Desde el país africano han insistido en que "la gestión migratoria es una responsabilidad compartida" y ha defendido que Marruecos "asume sus responsabilidades". "Es un compromiso, no un discurso político o propaganda. Marruecos no actúa bajo presiones, ni chantaje, ni contrapartida", han trasladado fuentes del ejecutivo marroquí a última hora de la tarde del lunes.
Un nuevo frente para el relato del Gobierno
Las palabras de Rabat llegan en un momento especialmente complicado para el Ejecutivo en esta crisis que parece acaba de empezar. En los últimos días, el Ministerio del Interior ha sostenido que no existía ningún informe de inteligencia que alertara de una entrada masiva de inmigrantes, una versión respaldada también por la portavoz del Gobierno.

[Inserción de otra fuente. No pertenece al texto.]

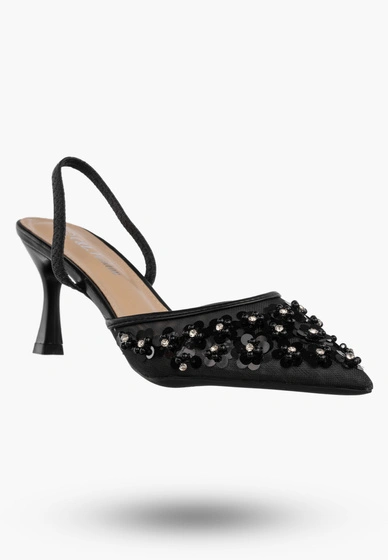 Szpilki Damskie Eleganckie Buty Na Obcasie z perełkami Czarne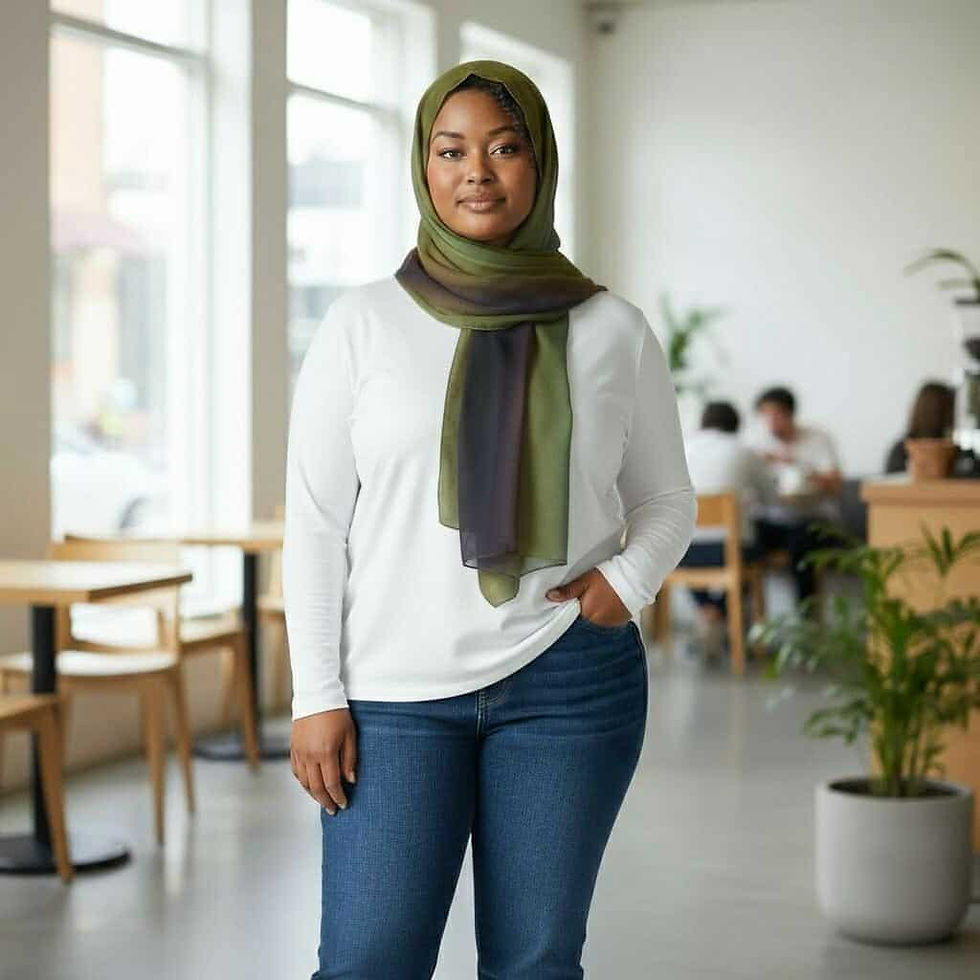 Woman in green hijab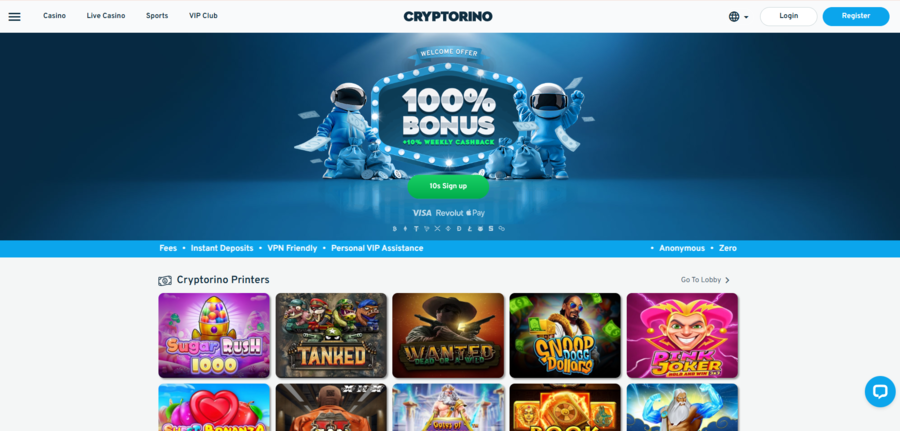 Cryptorino Casino features a modern and minimalist design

Ahora es el propio Gobierno marroquí quien asegura que también trasladó su preocupación a España por las consecuencias que podía tener ese cambio de escenario jurídico y sitúa al Ejecutivo español entre la espada y la pared. Pese a ello, Rabat ha querido subrayar que la coordinación con el Gobierno español continúa siendo "estrecha", al tiempo que ha insistido en que la cooperación entre ambos países sigue siendo un elemento esencial para afrontar la presión migratoria en la frontera sur de Europa.
Eso sí, como decimos las declaraciones llegan en un momento crítico, cuando el debate político en España continúa centrado en determinar qué información manejaba realmente el Gobierno antes de que estallara la mayor crisis migratoria registrada en Ceuta en los últimos años y si las advertencias que, según distintas informaciones, recibió el Ejecutivo fueron suficientes para haber reforzado la frontera con antelación.